FIGS. 6 and 6A illustrate cross-sectional views of the resealable lid 104. The container 102 is illustrated in FIG. 6A and the container is not shown in FIG. 6 for simplicity in illustration. In FIGS. 6 and 6A, the ball seal 114 may be resting on the hole and there may not yet be any vacuum in the container. Alternatively, the container may be pressurized and the ball seal 114 may be sealing the hole to prevent any airflow out of the container. A rim seal 602 is shown near a rim of the lid 104 to match an upper rim of a container. The rim seal 602 is positioned in a recess 606 or groove (may alternatively be referred to as a gasket cavity) near the rim of the lid 104. A ridge 604 is positioned inside the rim seal to position and/or retain the lid in position on an upper rim of a container. The ridge 604 may be sized such that the lid 104 forms a tight seal with an upper ridge of a container such as a #10 canister. The ridge 604 may prevent the lid 104 from moving or adjusting on the upper ridge of the container and may promote a secure seal that is not prone to movement or adjustment. The rim seal 602 may be constructed of a flexible material suitable for forming an airtight seal. In an embodiment the rim seal 602 is constructed of a silicone material.

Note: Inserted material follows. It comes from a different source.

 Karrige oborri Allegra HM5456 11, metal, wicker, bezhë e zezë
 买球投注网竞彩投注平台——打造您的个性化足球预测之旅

FIGS. 7 and 7A illustrate cross-sectional views of the resealable lid 104. The container 102 is shown in FIG. 7A and the container is not shown in FIG. 7 for simplicity in illustration. A rim seal 702 is shown near a rim of the lid 104 to match an upper rim of a container. The rim seal 702 is positioned in a recess 706 or groove (may alternatively be referred to as a gasket cavity) near the rim of the lid 104. A channel 704 is positioned inside the rim seal 702 to position and/or retain the lid in position on an upper rim of the container. The channel 704 may be sized such that the lid 104 forms a tight seal with an upper ridge of a container such as a #10 canister. The channel 704 may prevent the lid 104 from moving or adjusting on the upper ridge of the container and may promote a secure seal that is not prone to movement or adjustment. The rim seal 702 may be constructed of a flexible material suitable for forming an airtight seal. In an embodiment the rim seal 702 is constructed of a silicone material.

FIG. 8 is a schematic flow chart diagram illustrating an example method 700 for sealing a container. The method 800 may be performed using the systems, devices, or assemblies disclosed herein. The method 800 begins and a lid 104 is placed 802 on a container 102. A coupler assembly is placed 804 on the lid 104, such as within a recessed area 112. The coupler assembly is connected 806 to a vacuum or pump. The vacuum or pump may include an electric, hand, or other vacuum or pump. The user may start or actuate the vacuum or pump to begin evacuating 808 air. The user observes 810 the ball seal for an indication that a vacuum level has been achieved. For example, the user may be able to observe the ball seal through a transparent lid 104 or coupler body 106. While air or gas is being removed or evacuated, the ball seal will rise or move 812. The ball seal may drop or remain stationary 814 over the hole when the vacuum level has been achieved. When a hand pump is moved, the air flow may not be smooth, so the ball seal may rise and fall with the pumping movement. A user may determine that a maximum vacuum level has been reached when the ball seal no longer moves. When an electric pump is used, the air flow may be smooth so the ball seal may rise until a desired vacuum level has been reached and then the ball seal may drop. A user may be able to watch until the ball seal drops to ensure that a desired vacuum level has been achieved. Although it may be difficult to achieve a perfect vacuum, the size of the stem, ball seal, and hole in the lid may be configured to allow for the ball seal to drop or remain stationary when a desired vacuum level is achieved. The ball seal may be formed of a bright or dark color to make it easy to observe through a lid or coupler body.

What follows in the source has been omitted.